* What you have to do: Your answer should be the lines below from the one with "Window View, Atmosphere" to the one with "T-shirt Adulto fitness", both included, given again exactly and with nothing added.

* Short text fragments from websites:
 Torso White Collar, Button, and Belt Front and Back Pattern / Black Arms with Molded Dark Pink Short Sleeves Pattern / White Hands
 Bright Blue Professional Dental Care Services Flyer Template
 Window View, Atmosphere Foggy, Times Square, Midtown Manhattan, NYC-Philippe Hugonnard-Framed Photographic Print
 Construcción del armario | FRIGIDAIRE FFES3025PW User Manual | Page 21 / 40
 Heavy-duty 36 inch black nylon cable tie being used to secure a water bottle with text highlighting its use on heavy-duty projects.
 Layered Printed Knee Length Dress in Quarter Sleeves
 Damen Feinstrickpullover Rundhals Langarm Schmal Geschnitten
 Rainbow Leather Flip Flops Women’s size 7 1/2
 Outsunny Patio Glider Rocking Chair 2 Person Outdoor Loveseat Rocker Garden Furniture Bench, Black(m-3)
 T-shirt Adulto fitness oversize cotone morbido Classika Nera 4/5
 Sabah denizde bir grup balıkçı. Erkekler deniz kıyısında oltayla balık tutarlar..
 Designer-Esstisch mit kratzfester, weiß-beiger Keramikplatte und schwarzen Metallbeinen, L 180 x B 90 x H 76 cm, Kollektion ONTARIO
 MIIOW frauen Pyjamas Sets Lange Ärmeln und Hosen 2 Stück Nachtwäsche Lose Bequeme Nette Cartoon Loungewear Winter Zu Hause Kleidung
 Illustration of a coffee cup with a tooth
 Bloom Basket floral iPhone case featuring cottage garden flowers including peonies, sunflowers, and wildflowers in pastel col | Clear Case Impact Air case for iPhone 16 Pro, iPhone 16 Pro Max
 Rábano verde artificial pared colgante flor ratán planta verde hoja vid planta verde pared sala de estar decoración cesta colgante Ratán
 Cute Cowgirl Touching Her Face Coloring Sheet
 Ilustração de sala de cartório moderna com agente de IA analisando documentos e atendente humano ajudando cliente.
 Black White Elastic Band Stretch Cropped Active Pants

* Answer to the problem:
 Window View, Atmosphere Foggy, Times Square, Midtown Manhattan, NYC-Philippe Hugonnard-Framed Photographic Print
 Construcción del armario | FRIGIDAIRE FFES3025PW User Manual | Page 21 / 40
 Heavy-duty 36 inch black nylon cable tie being used to secure a water bottle with text highlighting its use on heavy-duty projects.
 Layered Printed Knee Length Dress in Quarter Sleeves
 Damen Feinstrickpullover Rundhals Langarm Schmal Geschnitten
 Rainbow Leather Flip Flops Women’s size 7 1/2
 Outsunny Patio Glider Rocking Chair 2 Person Outdoor Loveseat Rocker Garden Furniture Bench, Black(m-3)
 T-shirt Adulto fitness oversize cotone morbido Classika Nera 4/5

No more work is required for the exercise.